Despite the fact that actor Chris Pine has grown accustomed to taking a beating on film — with roles in “Star Trek” and this year’s “This Means War” — Michelle Pfeiffer wasn’t particularly enthused about joining the party. “Oh, I hated that,” Pfeiffer says of her first scene with Pine in “People Like Us,” in which she slaps him across the face. “I didn’t like having to do that. I didn’t even like watching it. It’s so brutal, really, to slap somebody. I think it’s probably hard for audiences to see that.”

In “People Like Us,” Pfeiffer plays Lillian, the mother to Pine’s Sam, who is dealing with the aftershocks of discovering his recently deceased father secretly had another child (Elizabeth Banks). Given the tension in the mother-son relationship onscreen, Pfeiffer’s main concern was conveying some warmth in Lillian. “One of the things [director] Alex [Kurtzman] and I talked about from the beginning was that she just didn’t become one-dimensional and really arch and really cold and icy,” Pfeiffer says. “We wanted to find the humanity of this person who was just really limited and damaged and who had made certain choices in her life that she may regret, that she’s not proud of. What I love about her is that she ultimately owns up and takes responsibility for those choices.

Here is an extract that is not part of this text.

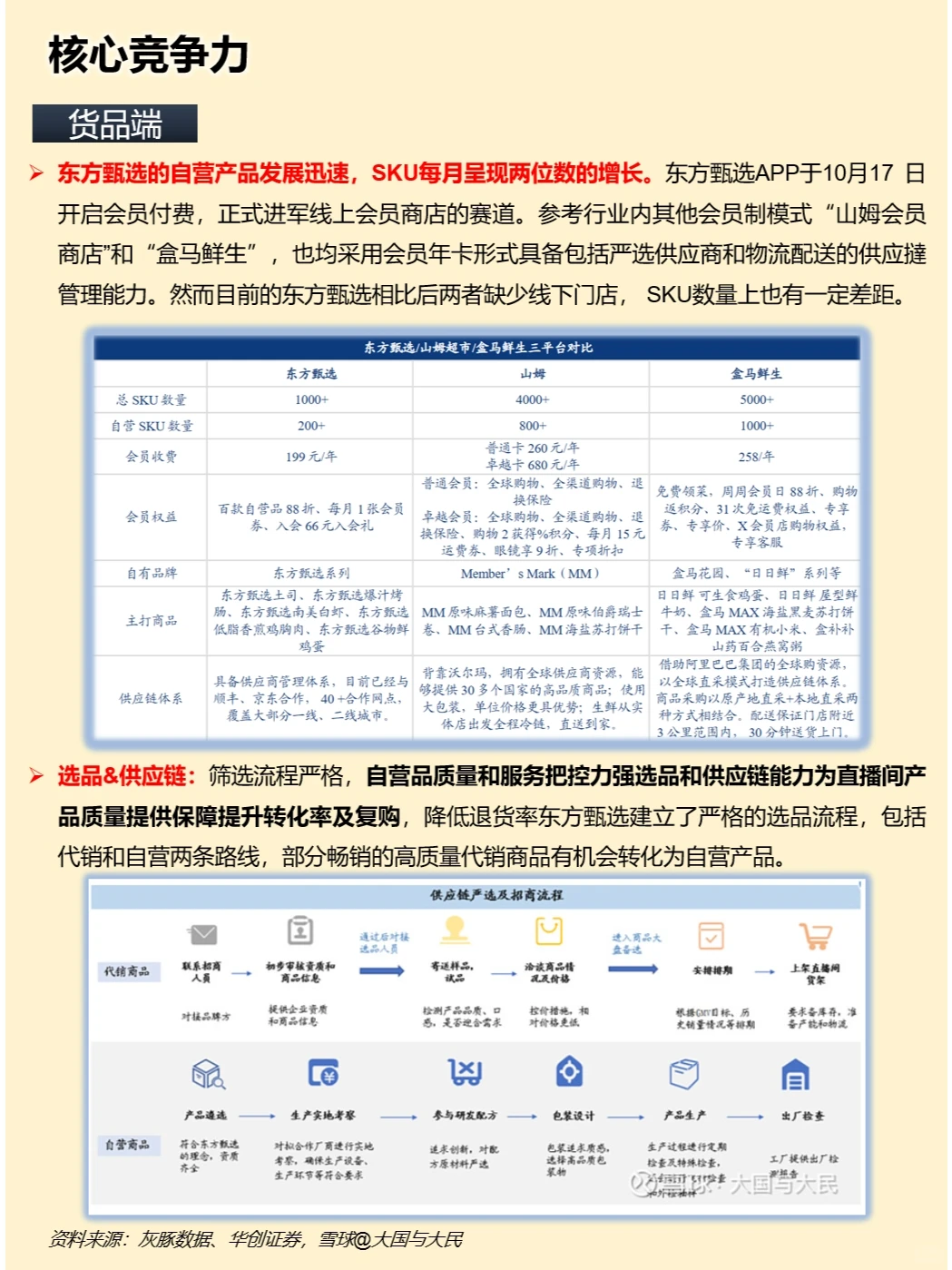 一天吃透一家上市公司：东方甄选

I think she’s unapologetic about it.”

Another thing she decided to be unapologetic about was Lillian’s look, presenting her natural beauty with a fair dose of weary reality. “It’s not easy to see yourself at your worst,” she says of watching the finished product. “None of us want people to see us when we’ve just rolled out of bed and your hair is dirty and you don’t have any makeup on and you’re puffy from whatever you’ve been doing. And that’s who she is. I wanted to do that. I wanted to go there, I felt it would be liberating.”

While Pfeiffer has become much choosier about what roles she takes, that’s only partly due to the quality of the work being offered. “I’m always looking for something well-written, something interesting, a place I haven’t ventured before,” she says. “And then there are other variables like when is it shooting, where is it shooting, how long is it shooting — because I still have family commitments and I’m always weighing that. If you look at the last three movies I’ve done, they have been sort of smaller parts or part of an ensemble where I can come in and come out and still be a mom and go off and get my work fix.”